Swedish contractor Skanska has leapfrogged Vinci, Bouygues and Hochtief and landed at the top of the 2002 European contractors league table. Like their Viking forebears, the ambitious Swedes went on the acquisition trail around Europe and beyond, and the resulting increase in turnover made them the biggest on the Continent – although not the most profitable.
A Skanska spokesperson says: “Being the largest in Europe is not a goal in itself, but it’s a good sign that our strategy is working. Our goal is to be among the top contractors in volume and profitability.” It is still only halfway there – with a profit of only *10m on *17.8bn turnover (£6.1m on £10.9bn), its profit margin is microscopic. Vinci has a margin about eight times higher.
Many of the firms at the top of the table are not just European players, but global ones. Bouygues has operations in 80 countries in Africa, Asia, eastern Europe and Australasia. Skanska has subsidiaries in the Americas, China, and throughout Europe – 82% of Skanska’s turnover came from outside Sweden this year, compared with 72% last year. Among the British contingent, Carillion and Taylor Woodrow were two firms that significantly increased the importance of their foreign turnover this year.

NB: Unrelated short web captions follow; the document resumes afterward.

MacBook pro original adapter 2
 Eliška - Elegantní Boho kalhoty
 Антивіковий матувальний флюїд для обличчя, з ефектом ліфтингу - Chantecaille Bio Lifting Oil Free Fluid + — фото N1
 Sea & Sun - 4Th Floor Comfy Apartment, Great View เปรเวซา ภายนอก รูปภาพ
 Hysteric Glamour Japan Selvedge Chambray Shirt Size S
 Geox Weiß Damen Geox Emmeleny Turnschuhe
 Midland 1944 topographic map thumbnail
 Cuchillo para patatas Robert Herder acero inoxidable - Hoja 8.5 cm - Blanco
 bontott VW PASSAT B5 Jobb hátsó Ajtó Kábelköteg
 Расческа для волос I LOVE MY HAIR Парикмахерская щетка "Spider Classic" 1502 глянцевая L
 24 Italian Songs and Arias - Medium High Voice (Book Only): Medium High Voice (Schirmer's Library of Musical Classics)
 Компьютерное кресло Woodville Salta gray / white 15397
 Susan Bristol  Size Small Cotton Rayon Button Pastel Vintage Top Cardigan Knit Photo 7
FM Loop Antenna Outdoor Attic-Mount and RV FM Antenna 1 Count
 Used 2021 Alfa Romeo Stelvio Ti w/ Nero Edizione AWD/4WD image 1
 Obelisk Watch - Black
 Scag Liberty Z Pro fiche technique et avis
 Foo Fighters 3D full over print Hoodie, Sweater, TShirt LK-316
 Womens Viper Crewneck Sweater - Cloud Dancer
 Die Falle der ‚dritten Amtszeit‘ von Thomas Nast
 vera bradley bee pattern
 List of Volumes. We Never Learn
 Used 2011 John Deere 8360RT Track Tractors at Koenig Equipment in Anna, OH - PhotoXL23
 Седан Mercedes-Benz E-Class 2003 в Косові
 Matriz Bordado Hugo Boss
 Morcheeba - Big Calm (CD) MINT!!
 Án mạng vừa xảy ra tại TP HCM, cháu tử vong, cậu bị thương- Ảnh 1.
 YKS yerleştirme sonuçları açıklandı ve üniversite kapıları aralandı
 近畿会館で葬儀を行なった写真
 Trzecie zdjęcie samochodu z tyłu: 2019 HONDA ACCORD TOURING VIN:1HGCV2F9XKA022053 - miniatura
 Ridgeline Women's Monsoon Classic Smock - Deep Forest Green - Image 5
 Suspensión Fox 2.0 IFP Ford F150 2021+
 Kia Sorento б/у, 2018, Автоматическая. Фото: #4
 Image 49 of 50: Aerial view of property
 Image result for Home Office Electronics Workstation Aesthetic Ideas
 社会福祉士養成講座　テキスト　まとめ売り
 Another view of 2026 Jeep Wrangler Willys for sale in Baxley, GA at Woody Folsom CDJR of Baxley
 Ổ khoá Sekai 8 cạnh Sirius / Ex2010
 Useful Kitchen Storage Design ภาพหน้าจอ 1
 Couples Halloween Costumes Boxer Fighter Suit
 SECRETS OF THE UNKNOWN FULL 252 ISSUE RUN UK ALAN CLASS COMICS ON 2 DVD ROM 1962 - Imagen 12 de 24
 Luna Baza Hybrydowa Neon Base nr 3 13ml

So, the biggest firms are gradually going global. They don’t have much choice – apart from governments, their biggest clients are multinationals that like to work with the same contractor in different countries.
The other big mover this year was HBG Dragados, which rose from 10th to fifth after Dragados, a Spanish industrial group, bought Dutch construction firm HBG for *756m (£460m) in April 2002. But Dragados’ rise will be short-lived – it sold HBG for *715m (£436m) in November, so it won’t have the benefit of the Dutch contractor’s turnover in next year’s chart.
The table contains the final appearance of German firm Philipp Holzmann, which went bust in 2002. Mike Betts, a construction analyst at JP Morgan, says: “Holzmann’s fall has a lot of lessons for companies that get their strategy wrong. First, it overexpanded way too aggressively in property development at the top of the cycle and paid the price at the bottom. Second, it didn’t control its cash flow well enough.”
Betts says Skanska has also pursued an aggressive line in property development, as well as acquiring contractors in Norway, Poland and the Czech Republic. But he adds that a more cautious approach will emerge under Stuart Graham. Graham took over as chief executive last autumn on the strength of the performance of Skanska’s US division, which has become the second largest contractor in the USA. Betts says: “Two years ago, Skanska expanded very fast by acquisition, but I get the impression Stuart Graham is trying to make them think about things a bit more now.”